Whistleblower Policy / Vigil Mechanism broadly covers a detailed process for reporting, handling and investigation of fraudulent
activities and providing necessary protection to the employees who report such fraudulent activities / unethical behaviour.

The policy is available on the website of the Company viz http://www.abhishekcorporation.com/vigil%20machanism%20policy.pdf No
complaints, issues or concerns were received by the Company under Code of Conduct and Whistle Blower Policy during FY 2023-24.

STATUTORY AUDITOR

In accordance with Section 139 of the Companies Act, 2013, the Members of the Company in its 28th Annual General Meeting, held on
30th September, 2021 have appointed M/S ARNA Associates, Chartered Accountants, Kolhapur (Registration No.122293W) as the
Statutory Auditors of the Company to hold office till the conclusion of the 33rd Annual General Meeting of the Company. The provisions
relating to ratification of the appointment of the Statutory Auditors has been removed vide Companies Amendment Act, 2017.

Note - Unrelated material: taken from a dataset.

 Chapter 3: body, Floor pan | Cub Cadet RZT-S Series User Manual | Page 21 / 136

However, the Statutory Auditors have given a confirmation that they are eligible to continue with their appointment and that they
have not been disqualified in any manner from continuing as Statutory Auditor.

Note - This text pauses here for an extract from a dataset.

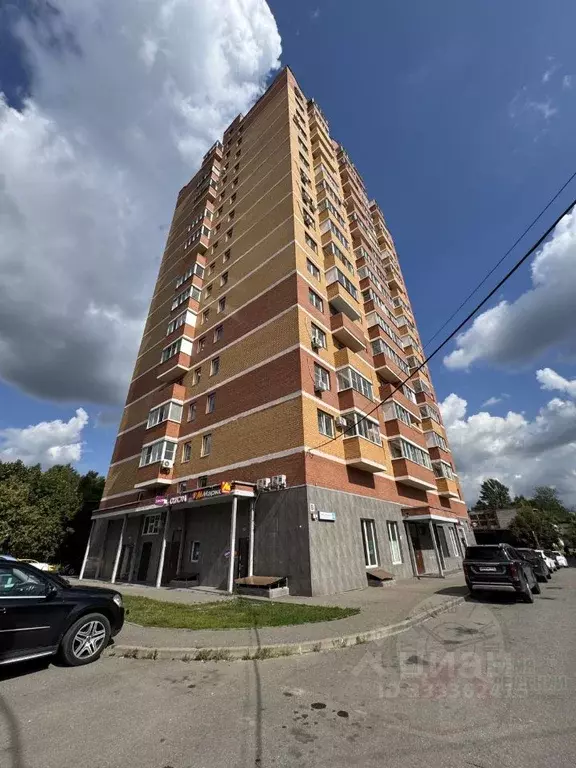 1-к кв. Московская область, Королев ул. Сакко и Ванцетти, 24Б (35.5 м) - Фото 2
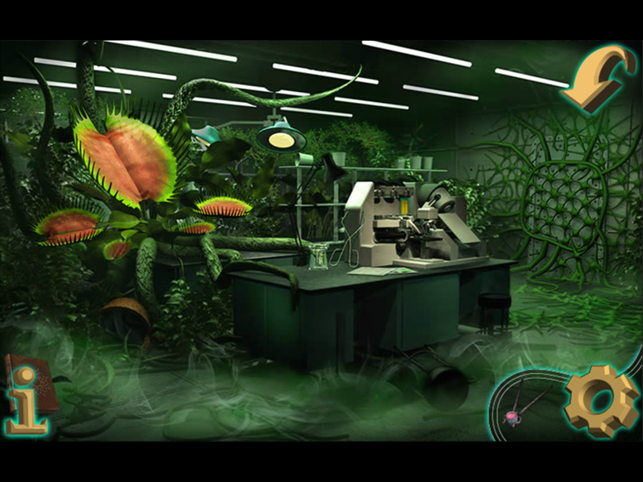 ‎The Secret of Chimera Labs Screenshot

SECRETARIAL AUDITOR AND SECRETARIAL REPORT

Pursuant to the provisions of Section 204 of the Companies Act, 2013 and the Companies (Appointment and Remuneration of
Managerial Personnel) Rules, 2014, the Board, at its meeting held on 29th May 2023 has appointed M/s Shrenik Nagaonkar &
Associates, Practicing Company Secretaries, Kolhapur to conduct a secretarial audit of the Company for the financial year 2023-24.
The Report of the Secretarial Audit carried out for the financial year 2023-24 is annexed herewith as
Annexure- II

INTERNAL AUDITOR

Pursuant to the provisions of Section 138 of the Companies act 2013 read with Companies (Accounts) Rules, 2014, the board on
recommendation of the Audit committee, reappointed Mr. Nilesh R. Kothari, Chartered Accountant, Kolhapur as the Internal Auditor
of the Company. The Management regularly reviews the findings of the Internal Auditor and effective steps to implement any
suggestions/observations of the Internal Auditors are taken and monitored regularly. In addition, the Audit Committee of the Board
regularly addresses significant issues raised by the Internal Auditor.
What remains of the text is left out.